ALMA discovers moons in the making
New discoveries

ALMA discovers moons in the making

Read time: 3 minutes

Every child on the planet knows the moon: a ball of rock orbiting the Earth. Most of the other planets in our solar system have moons, too. The giant planet Jupiter even has a whopping amount of 79 satellites – four large ones and dozens of tiny moonlets.

So, what about the planets in other solar systems? Over the past 25 years, we have discovered over 4,000 of these so-called exoplanets, orbiting other stars than our own sun. Do they also have moons?

So far, no single ‘exomoon’ has ever been found. But astronomers using ALMA have now made an extraordinary discovery. They found a concentration of dust around a young exoplanet. In the future, this dust will probably clump together into a number of moons.

The central star of the system is known as PDS70. It is about 10 million years old. That’s actually very young for a star. PDS70 is still surrounded by a large ring of gas and dust – material that can clump together into planets.

In fact, two giant planets have already formed around PDS70. They’re about as large and massive as Jupiter. The two planets (PDS70b and PDS70c) were first seen by the European Very Large Telescope (VLT). The VLT is also in northern Chile, just like ALMA.

New observations with ALMA have now revealed a concentration of small dust particles, close to the inner edge of the ring. The dust particles are about one-tenth of a millimeter across. Because of their temperature, they emit invisible radio waves that ALMA can detect.
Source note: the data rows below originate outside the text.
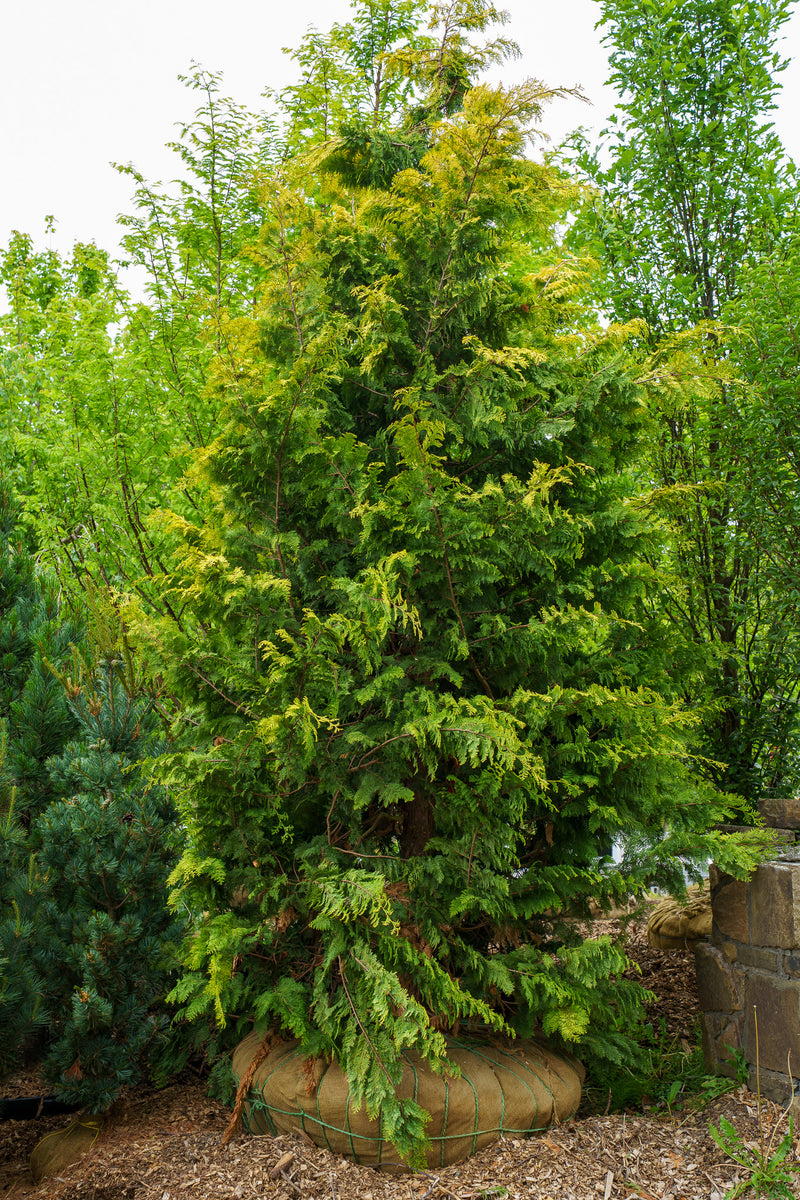 Crippsii Hinoki Cypress – Plant Detectives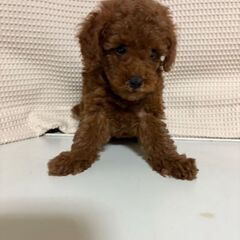 トイプー２か月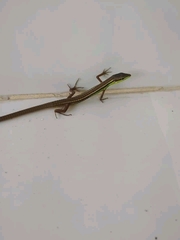 Takydromus sexlineatus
When the ALMA astronomers compared their results with the observations of the VLT, they were happily surprised. The concentration of dust particles is at precisely the same location as the outer planet, PDS70c.

That can mean only one thing. The dust particles must orbit the young planet. So if these dust particles will also clump together in the future, we will be left with a giant planet with its own system of moons.
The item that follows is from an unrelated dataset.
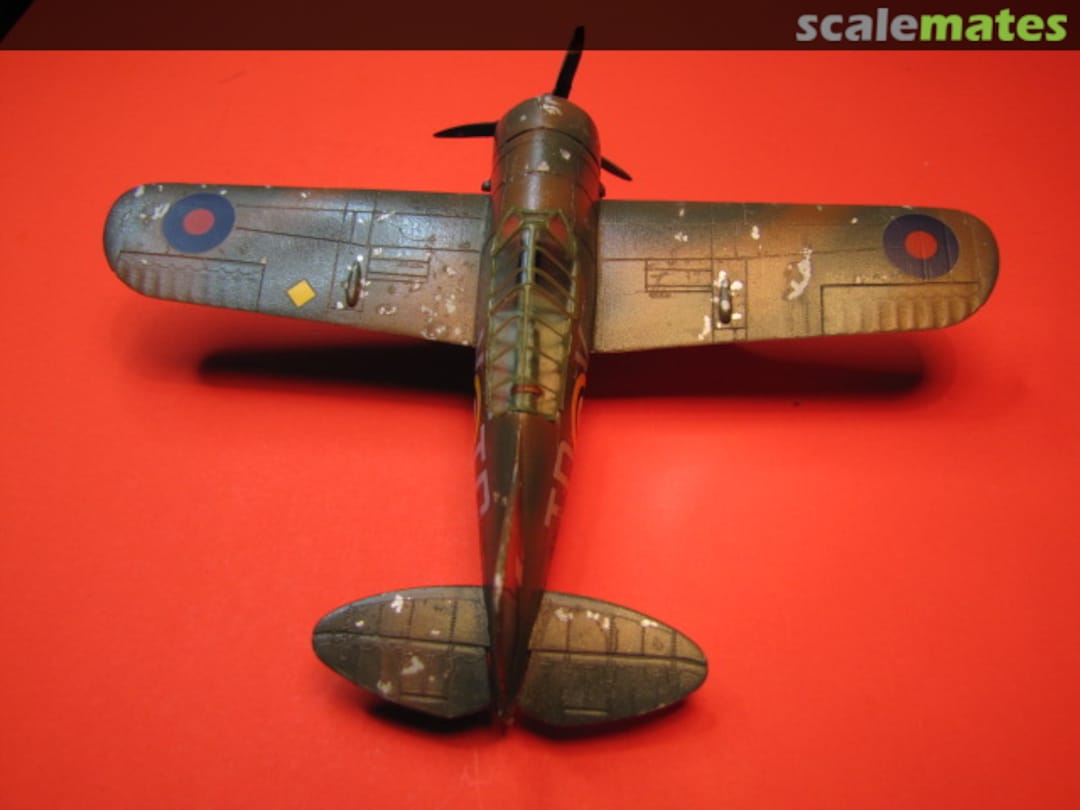 View album, image #1 View album, image #1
Four and a half billion years ago, our solar system was as young as PDS70 is now. Back then, a similar disk of dust probably surrounded the newly born planet Jupiter. Jupiter’s four large moons were formed from that disk. So the new discovery may also help astronomers to better understand the formation of moons in our own solar system.

What was observed?

PDS70 is a young star in the southern constellation Centaurus, at a distance of some 370 light-years. It was born just 10 million years ago. The star is a bit less massive than our own sun. In 2006, astronomers discovered that the star is surrounded by a planet-forming disk of gas and dust. In 2018, a giant planet was found: PDS70b. One year later, a second planet was discovered: PDS70c. Both planets are a few times larger and more massive than Jupiter. PDS70c orbits the star at a distance of just over five billion kilometers, about the same distance as Neptune is from the sun. At this considerable distance, it takes almost 250 years to complete one orbit. ALMA has now discovered that moons are forming around this second planet.

Who observed this?

The concentration of small dust particles surrounding the planet PDS70c was discovered by a group of scientists led by Andrea Isella. Andrea is an astronomer from Rice University in Houston, Texas. In studying PDS70 he worked together with Myriam Benisty and Laura Pérez from Chile, Richard Teague and Jaehan Bae (USA), and Miriam Keppler and Stefano Facchini (Germany). The new results have been published in Astrophysical Journal Letters.